Céilí, for the unfamiliar, is an Irish folk dance consisting of a larger group of participants in a social setting dancing together to traditional and often live music. While many of the steps of Céilí dances shared similarities with the individual Irish stepdances of weeks past, adding partners and group members quickly added a new dimension of chaos altogether. Hands grabbed the air searching for a partner, neighbors crashed into each other, and people froze as choreography escaped their brains.
And yet it was the most fun I had all year.

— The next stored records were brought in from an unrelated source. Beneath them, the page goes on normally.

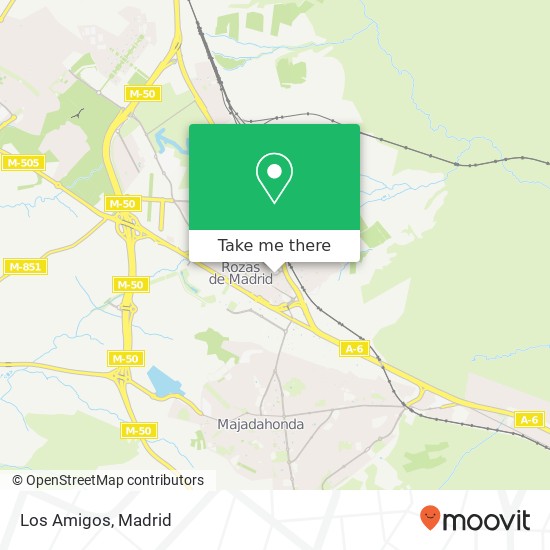 Los Amigos, Cuesta de San Francisco, 10 28231 Las Rozas de Madrid map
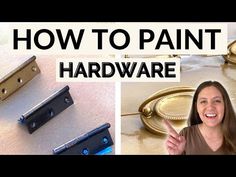 how to paint hardware with gold and black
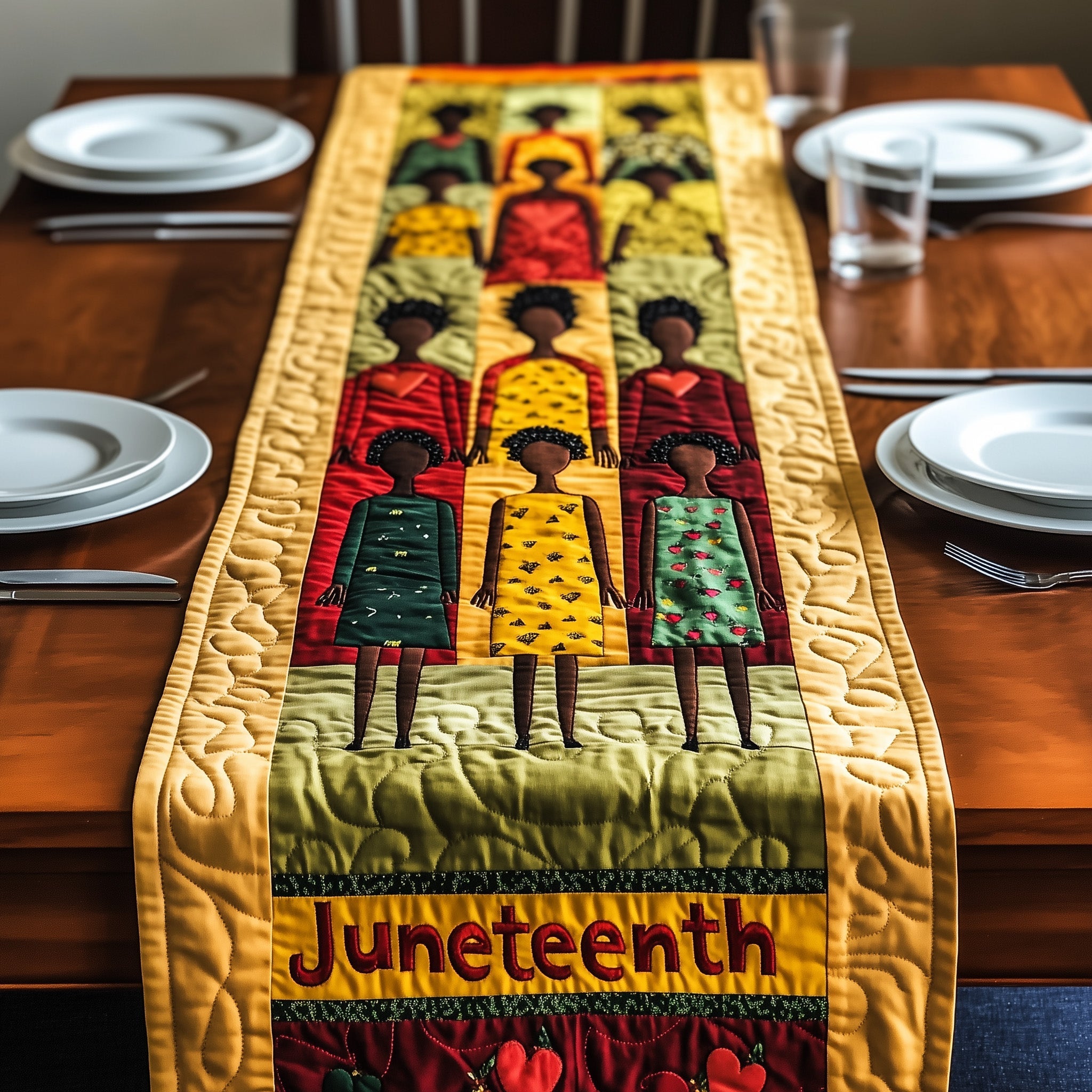Roots Of Glory  Quilted Table Runner GFTONL4522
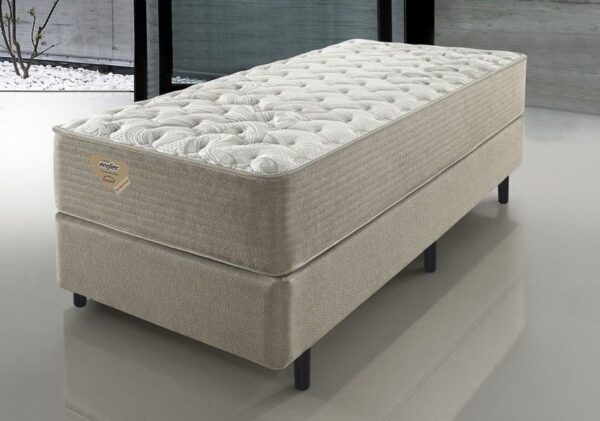 conjunto box relax support personalite pillow duplo molas ensacadas high power solteiro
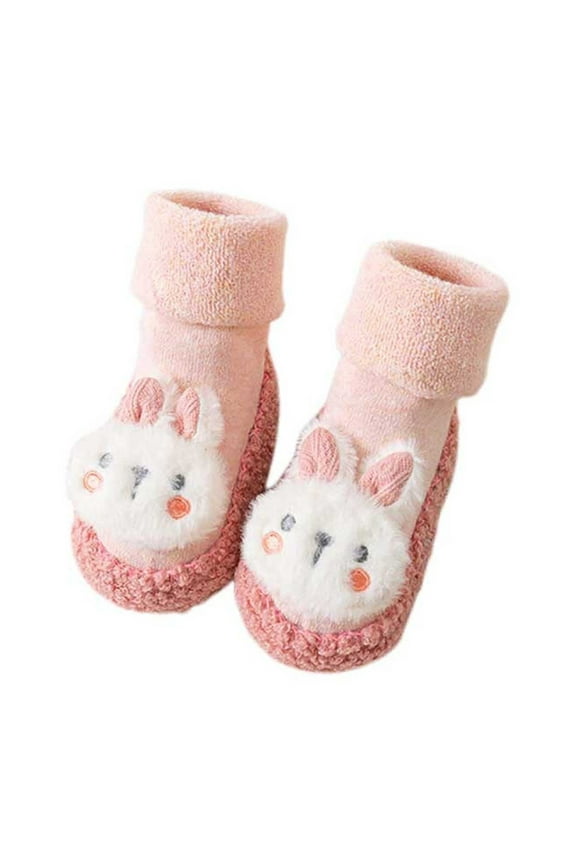 Baby Socks - Baby Boy Girls Toddlers Indoor Animals Slipper Shoes Antislip Socks Booties First - Socks for Baby Girl,Color:Pink,Size:0-6 Months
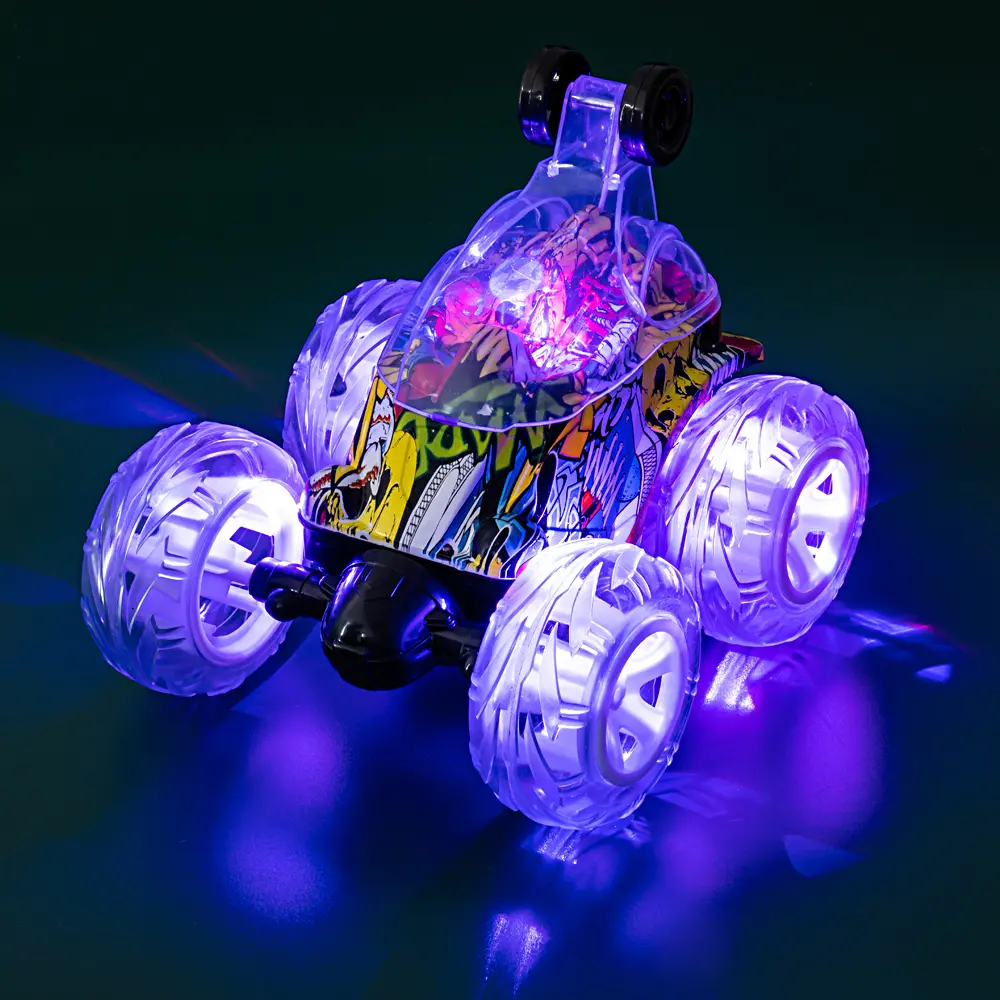 Remote Control Car Graffiti Stunt Tipper RC Cars Electroinc Vehicle With Light Music 360 ° Rolling Dancing 2.4Ghz Toy Kids Gift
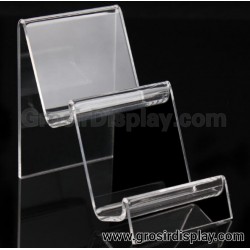 Akrilik Tangga 2 Susun Medium Display Tas Pajangan Sompet Perlengkapan Toko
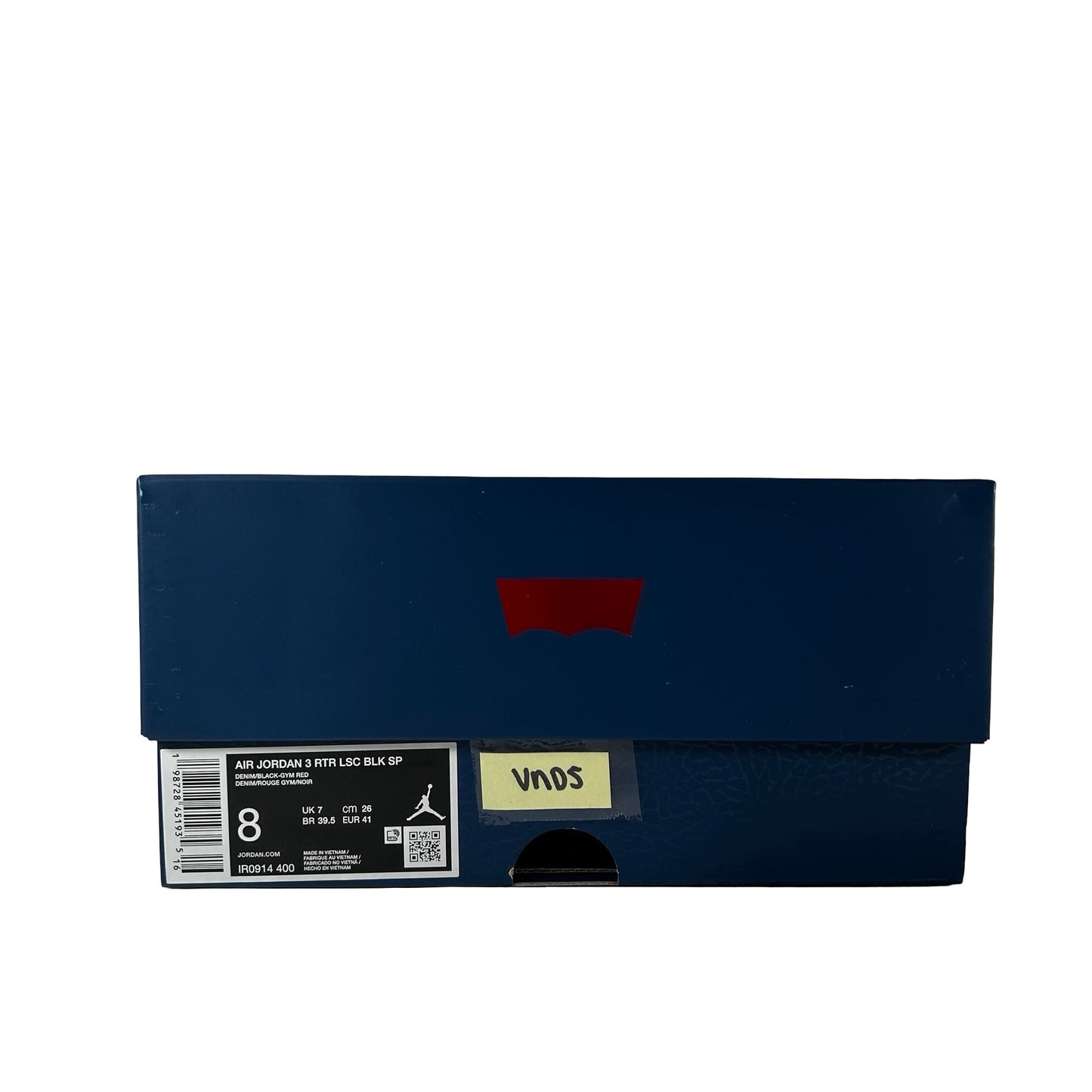 IR0914 400 Jordan 3 Retro Levi’s Black [USED] - 8 M (VNDS)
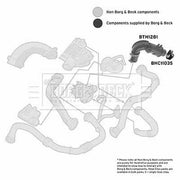Borg & Beck Intercooler Turbo Charge Air Hose BTH1281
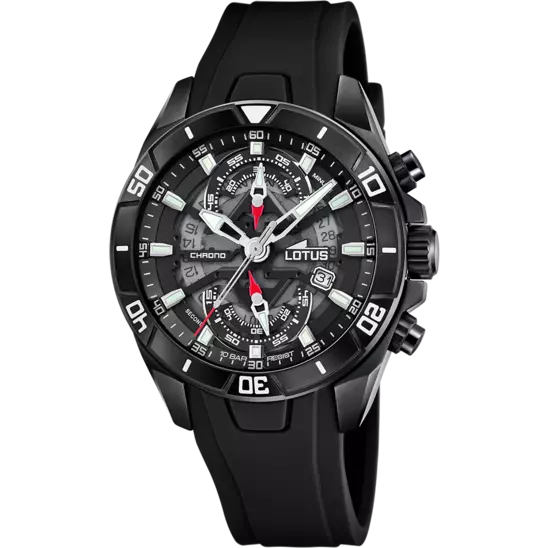 LOTUS MEN'S BLACK WATCH 18945/6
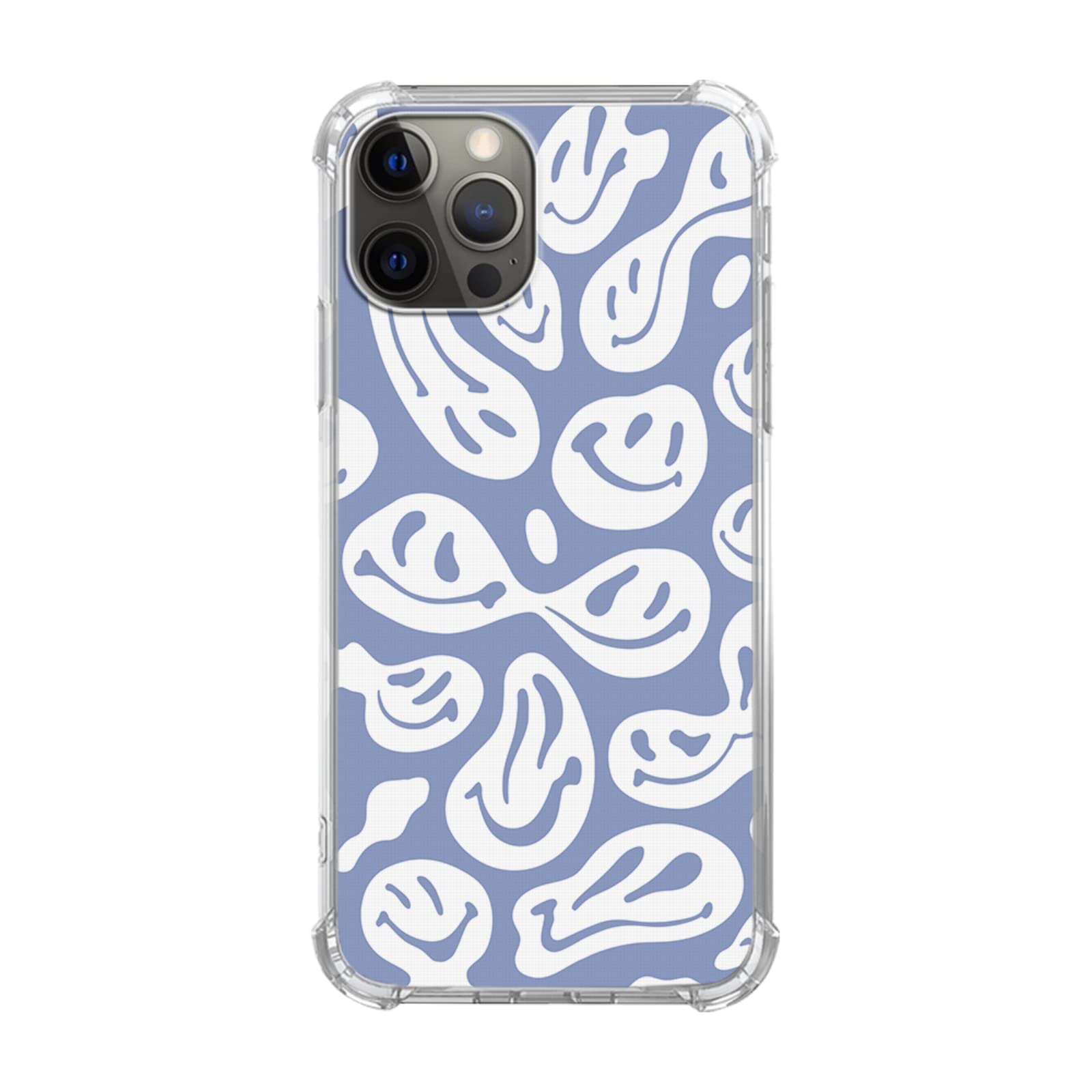 Trippy Smiley Face iPhone 11 Pro Max Case - Cute Melted Design TPU Bumper Cover for Women & Men | Trendy Protective Phone Case for Daily Use, Parties & Gifting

I am no stranger to social dances. An inevitable part of any Texas middle school education is lessons on southern square dancing, and an equally inevitable part of growing up South Asian is being invited to annual garba dances for the Hindu Navaratri festival every autumn. While garba holds some notable differences in execution—participants dance in concentric circles around a central lamp or statue—I was charmed by the similarities between Céilí and my Texas square dancing classes from childhood. Both dance forms involve partners interacting in larger sets of four or more and several standard dance fragments, with many similar fragments across both styles (peep the moments I pass under arm arches like the square dance Rip n Snort.) But while American square dancing usually utilizes a caller to announce the next steps for participants, Céilí usually uses set choreography for the whole dance.
Over the months I have grown to embrace the chaos of Céilí classes—the crashing and bumping and running to catch up to a partner and stumbling through the gent role choreography because I happen to be the tallest person in the class. In many ways, Céilí class parallels the process of learning to live in Ireland this year—figuring things out as I go but enjoying myself along the way.